AMENDMENT ONE TO RENEWAL EXECUTIVE EMPLOYEMENT AGREEMENT
Exhibit 10.52
AMENDMENT ONE TO RENEWAL EXECUTIVE EMPLOYEMENT AGREEMENT
This Amendment One to the Renewal Executive Employment Agreement (Amendment One) is made, effective as of April 16, 2013 (Effective Date), by and between Accuray Incorporated, a Delaware corporation (Accuray) and Kelly Londy (Executive).
The parties entered into an Employment Agreement (the Agreement) effective as of January 1, 2013 and, in consideration of the mutual promises contained in this Amendment One, the parties want to amend the Agreement on the terms and conditions set forth herein.
The parties hereby agree as follows:
1. The Agreement Recitals, Section 1(a), Section 5(d) and Section 5(e) of the Agreement shall be amended such that Senior Vice President, Chief Commercial Officer shall be replaced with the Executive Vice President, Chief Commercial Officer.
2. The Agreement, Section 4(a) on Page 2 of the Agreement shall be amended such that Executives Base Salary of $329,600 shall be replaced with $350,000 calculated on an annualized basis.
3. As permitted under Section 4(c)(ii) of the Agreement, and in connection with the above changes, Executive will be granted 60,000 Restricted Stock Units (RSUs) in accordance with Accurays policy for granting of equity awards, with the grant date for such RSUs to be the last trading day of the current calendar month, or April 30, 2013 and the vest start date for such RSUs to be April 30, 2013. Exhibit B to the Agreement shall be amended accordingly, following such grants.

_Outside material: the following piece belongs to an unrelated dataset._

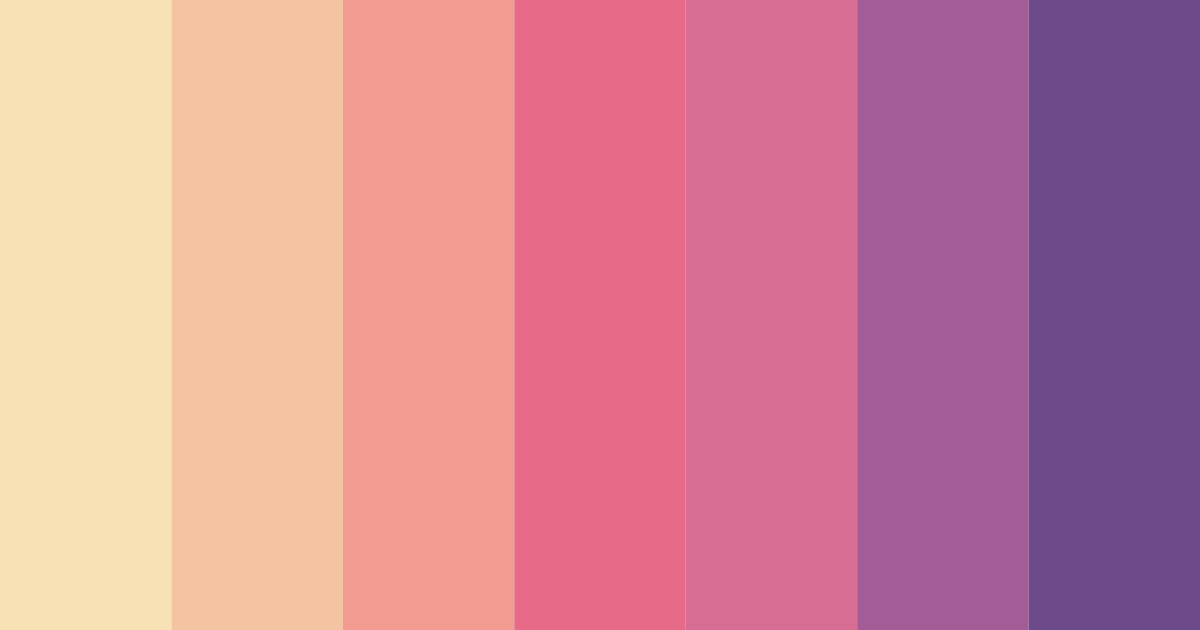 Download blush blossom dreams color palette PNG image (landscape)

4. All provisions of the Agreement, except as expressly modified by this Amendment One, will remain in full force and effect and are hereby ratified and reaffirmed. In the case of direct conflict or conflict by reason of interpretation between any provision of this Amendment One and the Agreement, this Amendment One shall control and supersede the terms of the Agreement. This Amendment One in combination with the Agreement contains the entire agreement of the parties hereto with respect to the subject matter hereof, and supersedes all prior understandings, representations and warranties, written and oral.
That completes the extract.